— Exercise goal —
Instruction for the entries below: return the part that opens with the line containing "Bluethroat (White-spotted) - ML637065188" and closes with the line containing "رزماری؛ معجزه طبیعت", exactly, and no pictures.

— Material for this task —
# # # # #
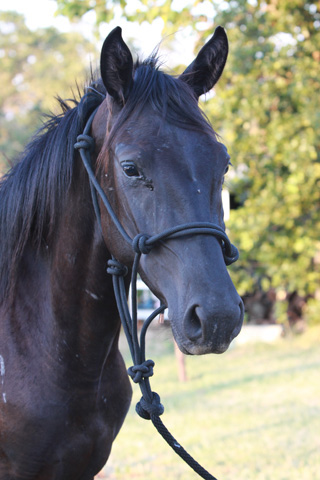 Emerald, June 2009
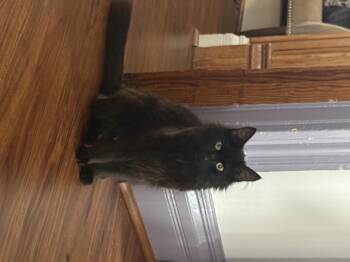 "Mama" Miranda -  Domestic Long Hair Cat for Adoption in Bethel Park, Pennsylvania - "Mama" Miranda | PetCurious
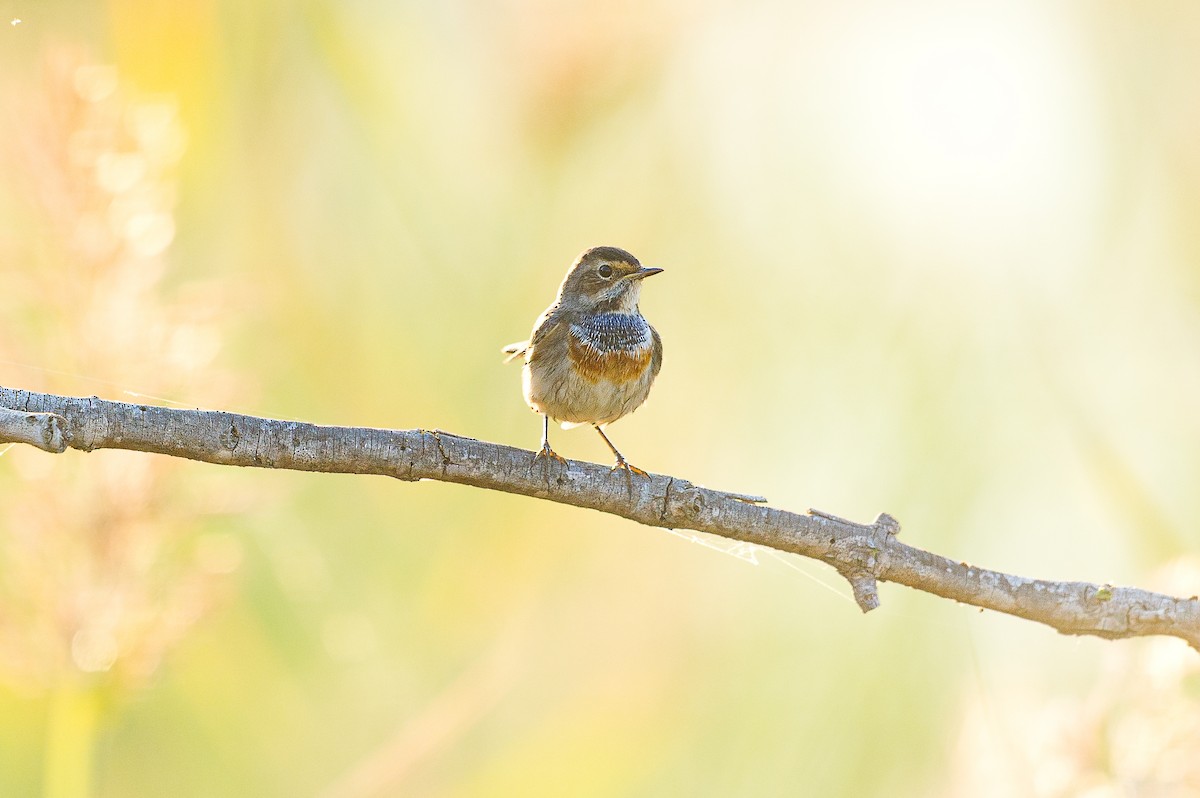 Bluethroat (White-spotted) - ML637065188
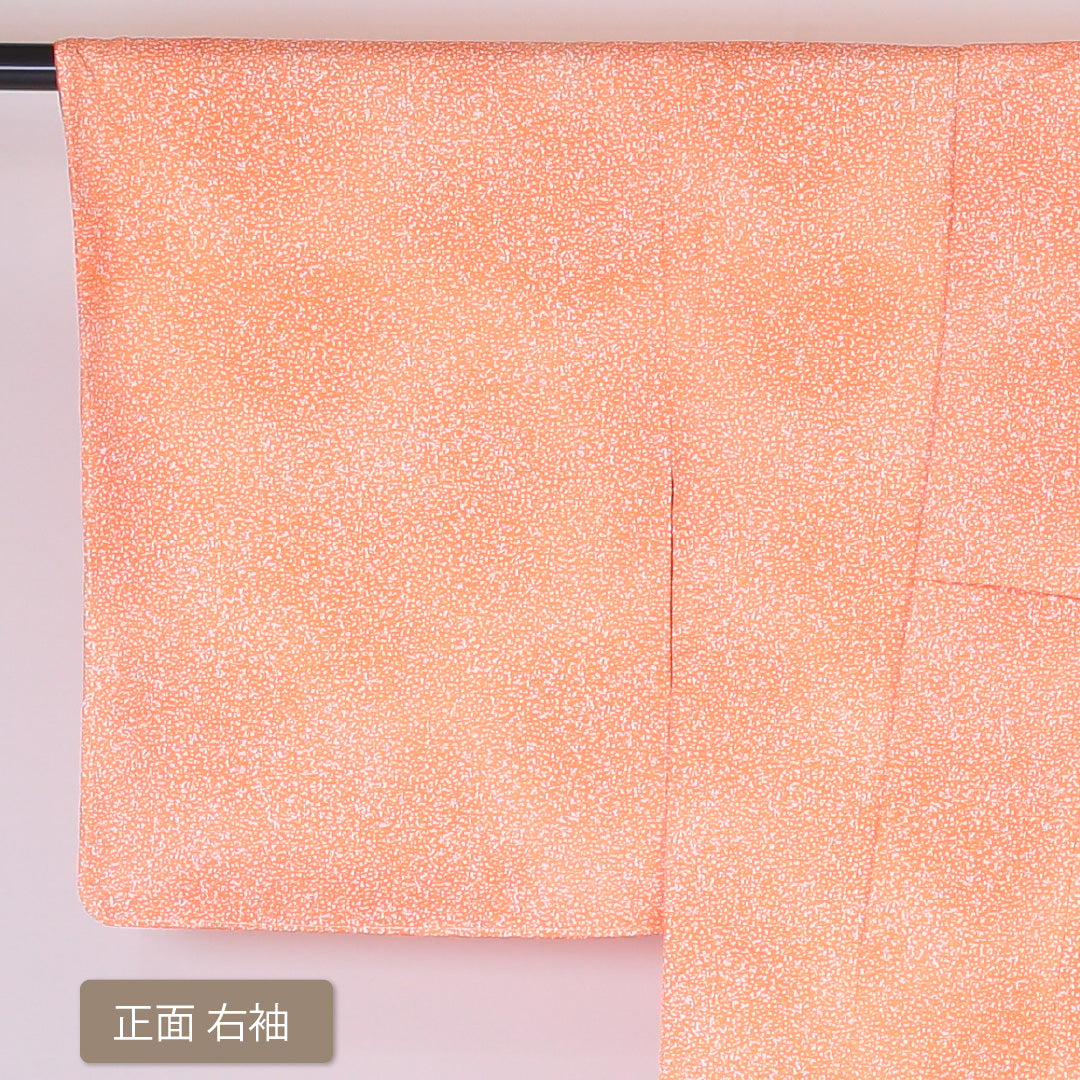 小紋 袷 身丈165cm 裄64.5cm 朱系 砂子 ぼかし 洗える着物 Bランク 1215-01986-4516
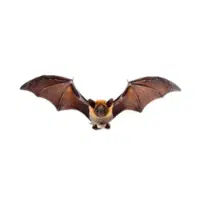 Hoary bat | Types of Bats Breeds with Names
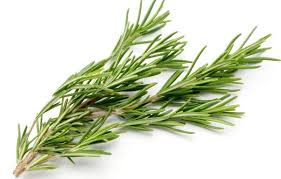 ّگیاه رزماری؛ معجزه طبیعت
# # # # #
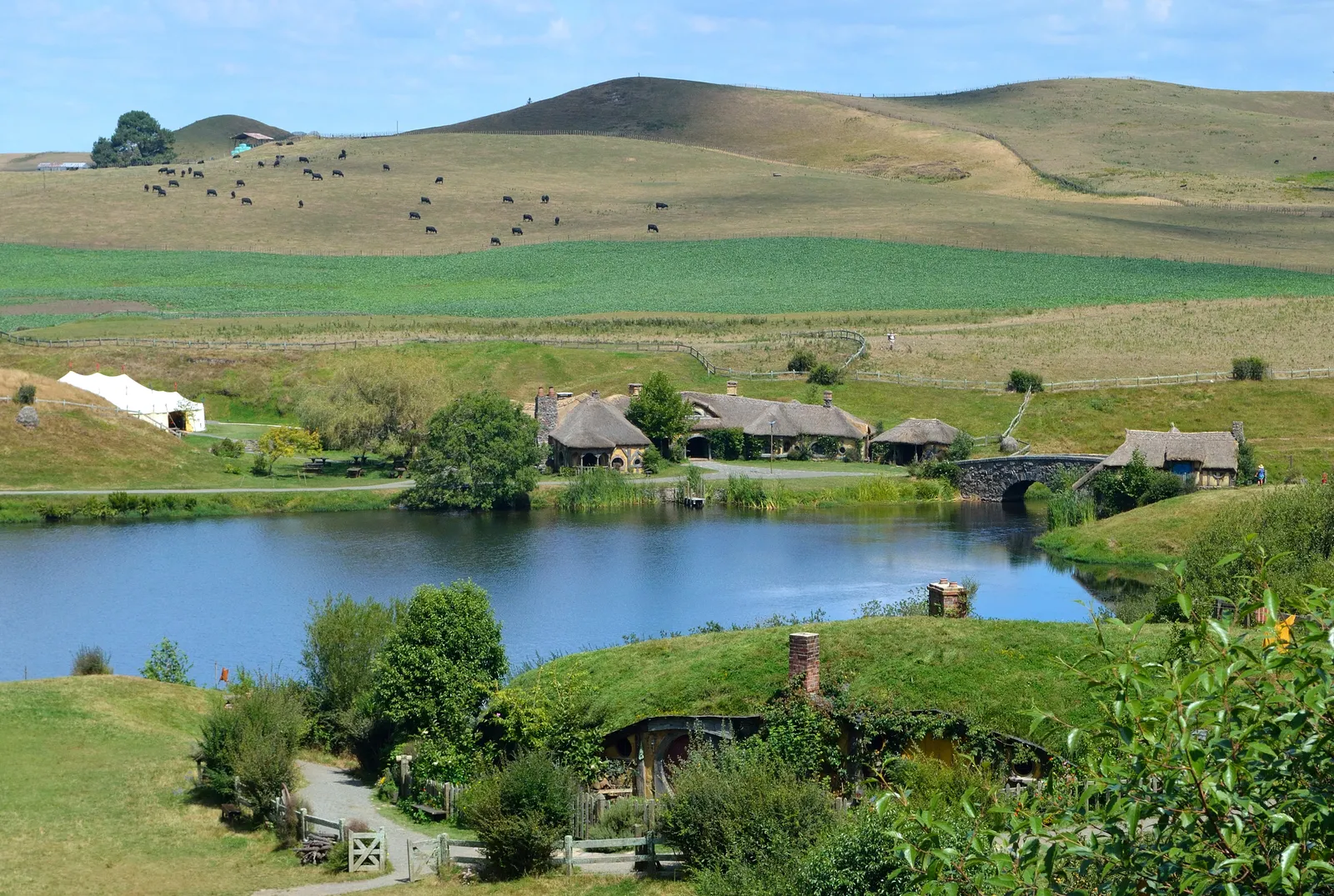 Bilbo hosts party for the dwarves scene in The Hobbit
# # # # #
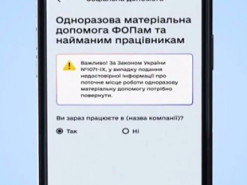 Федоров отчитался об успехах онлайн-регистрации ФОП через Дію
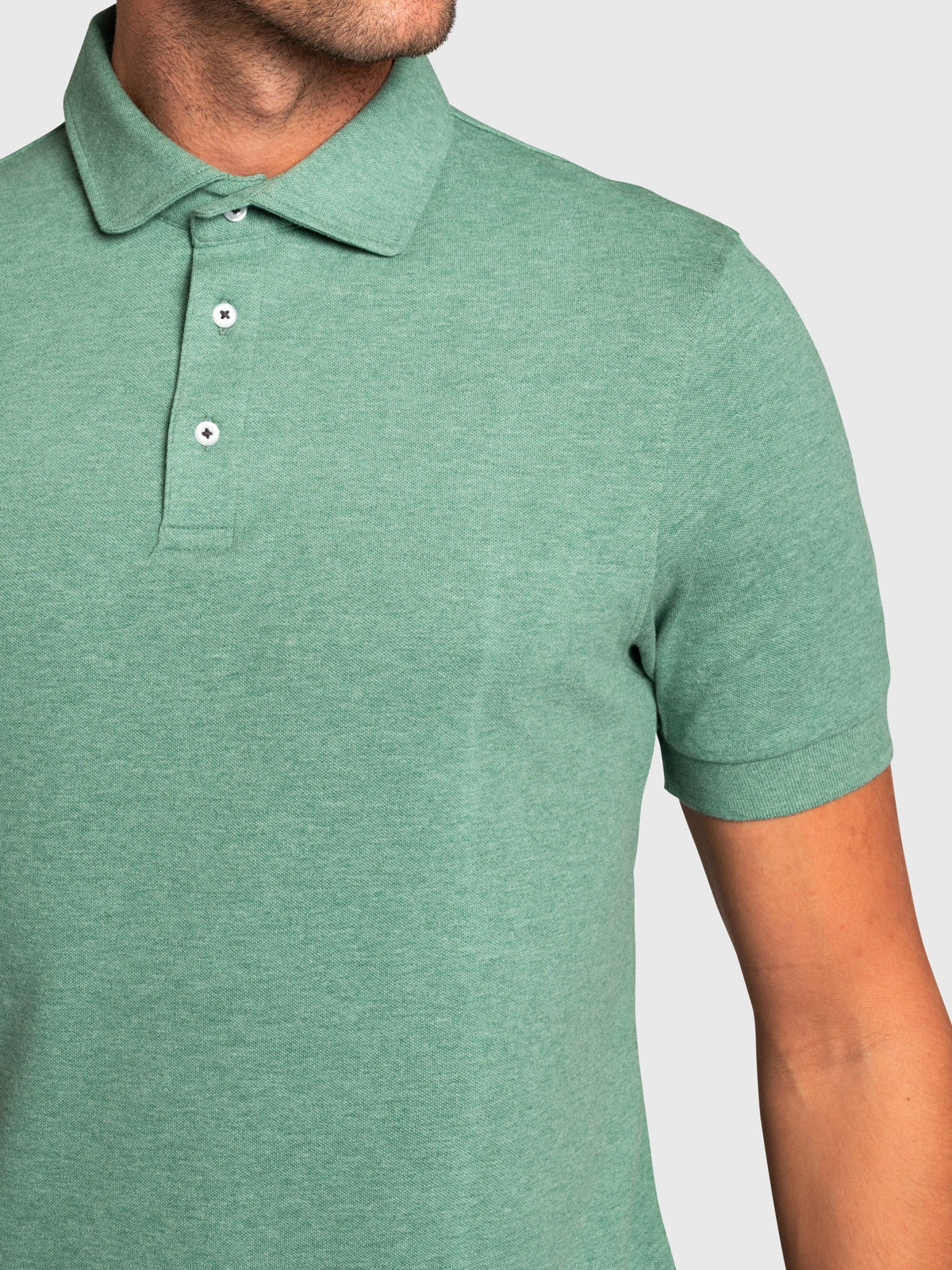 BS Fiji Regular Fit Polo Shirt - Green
# # # # #
— Answer to this exercise —
 Bluethroat (White-spotted) - ML637065188
 小紋 袷 身丈165cm 裄64.5cm 朱系 砂子 ぼかし 洗える着物 Bランク 1215-01986-4516
 Hoary bat | Types of Bats Breeds with Names
 ّگیاه رزماری؛ معجزه طبیعت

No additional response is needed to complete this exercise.